■ Your goal ■
From the records, pick out and copy each line containing "vulnerable".

■ Data in this exercise ■

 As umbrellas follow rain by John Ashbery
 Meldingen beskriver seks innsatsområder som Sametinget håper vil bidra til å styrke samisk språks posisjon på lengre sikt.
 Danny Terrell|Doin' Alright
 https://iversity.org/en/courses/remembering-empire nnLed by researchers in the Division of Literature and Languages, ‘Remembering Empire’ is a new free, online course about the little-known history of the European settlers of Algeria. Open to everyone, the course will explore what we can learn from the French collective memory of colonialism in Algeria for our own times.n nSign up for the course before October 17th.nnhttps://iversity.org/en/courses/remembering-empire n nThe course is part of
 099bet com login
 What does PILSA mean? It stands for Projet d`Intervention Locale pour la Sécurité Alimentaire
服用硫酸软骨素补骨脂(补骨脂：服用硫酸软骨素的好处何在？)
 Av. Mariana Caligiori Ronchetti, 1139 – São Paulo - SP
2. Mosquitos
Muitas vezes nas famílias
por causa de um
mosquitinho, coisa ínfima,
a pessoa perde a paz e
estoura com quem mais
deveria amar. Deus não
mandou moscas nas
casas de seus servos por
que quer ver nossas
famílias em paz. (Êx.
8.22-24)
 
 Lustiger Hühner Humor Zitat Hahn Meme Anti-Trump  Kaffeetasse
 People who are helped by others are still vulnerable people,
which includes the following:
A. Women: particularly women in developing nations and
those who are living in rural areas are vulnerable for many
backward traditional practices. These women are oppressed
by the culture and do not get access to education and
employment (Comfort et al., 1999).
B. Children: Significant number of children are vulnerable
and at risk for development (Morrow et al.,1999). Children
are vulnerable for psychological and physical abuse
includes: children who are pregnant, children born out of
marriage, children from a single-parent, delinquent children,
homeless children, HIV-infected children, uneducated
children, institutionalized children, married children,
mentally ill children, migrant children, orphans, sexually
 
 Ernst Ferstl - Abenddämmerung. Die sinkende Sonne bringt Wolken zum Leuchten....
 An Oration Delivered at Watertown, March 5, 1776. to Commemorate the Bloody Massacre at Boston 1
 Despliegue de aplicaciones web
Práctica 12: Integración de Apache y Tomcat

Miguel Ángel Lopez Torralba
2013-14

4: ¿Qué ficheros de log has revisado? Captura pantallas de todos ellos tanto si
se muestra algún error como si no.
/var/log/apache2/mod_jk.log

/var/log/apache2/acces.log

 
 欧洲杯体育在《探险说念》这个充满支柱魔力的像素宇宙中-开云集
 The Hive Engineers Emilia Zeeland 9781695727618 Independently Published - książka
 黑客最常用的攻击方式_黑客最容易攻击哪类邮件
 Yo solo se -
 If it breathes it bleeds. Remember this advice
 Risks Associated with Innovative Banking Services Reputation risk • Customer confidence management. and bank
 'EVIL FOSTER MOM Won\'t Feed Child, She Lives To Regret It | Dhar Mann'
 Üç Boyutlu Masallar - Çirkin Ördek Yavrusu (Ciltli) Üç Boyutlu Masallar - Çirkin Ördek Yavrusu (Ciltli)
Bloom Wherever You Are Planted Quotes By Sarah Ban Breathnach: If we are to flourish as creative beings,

■ Answer to the exercise ■
 People who are helped by others are still vulnerable people,
those who are living in rural areas are vulnerable for many
B. Children: Significant number of children are vulnerable
are vulnerable for psychological and physical abuse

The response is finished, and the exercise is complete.